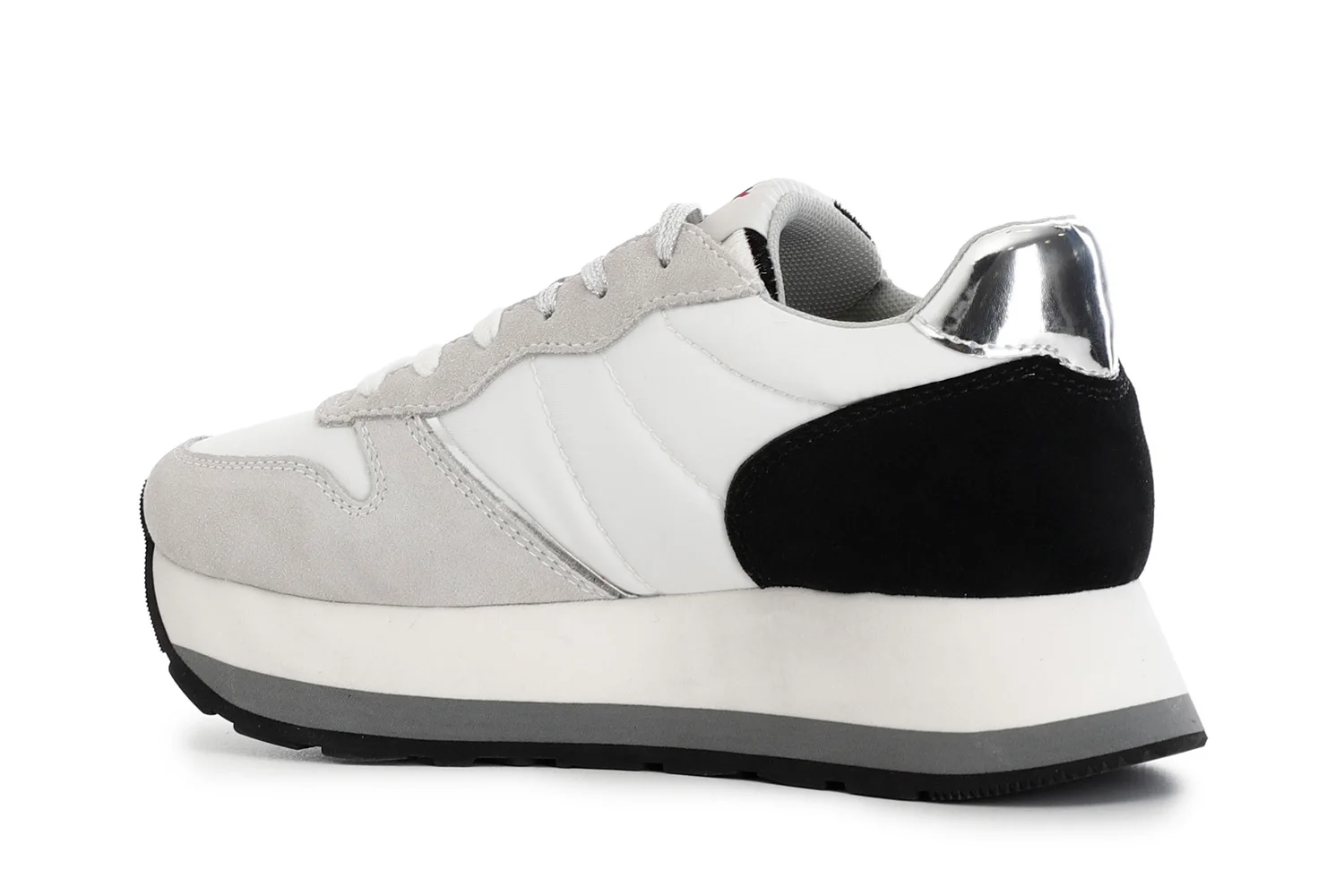 Sneakers CafèNoir in pelle scamosciata e tessuto - vista 2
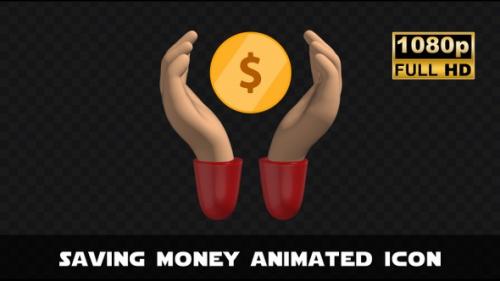 Videohive - Saving Money Animated Icon - 47554482 - 47554482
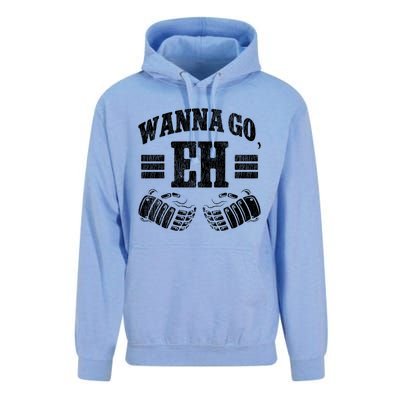 Ice Hockey Vintage Gloves Wanna Go Eh Gift Unisex Surf Hoodie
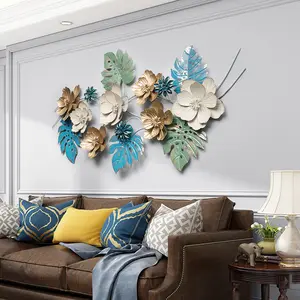 Décoration Murale Métal 3D Grand Format 135*75, Design Fabricant, Forme Fleur Intérieure, pour Salon - Product Image 1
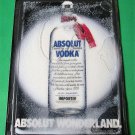 ABSOLUT WONDERLAND Christmas Snow Globe Spectacular Ad 1988 ABSOLUT WONDERLAND Christmas Snow Globe Spectacular Ad 1988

───

EXERCISE GOAL: Your answer should be the lines above from the one that contains "Décoration Murale Métal" through the last, set down exactly, with the pictures removed.

WRITTEN SOLUTION:
 Décoration Murale Métal 3D Grand Format 135*75, Design Fabricant, Forme Fleur Intérieure, pour Salon - Product Image 1
 ABSOLUT WONDERLAND Christmas Snow Globe Spectacular Ad 1988 ABSOLUT WONDERLAND Christmas Snow Globe Spectacular Ad 1988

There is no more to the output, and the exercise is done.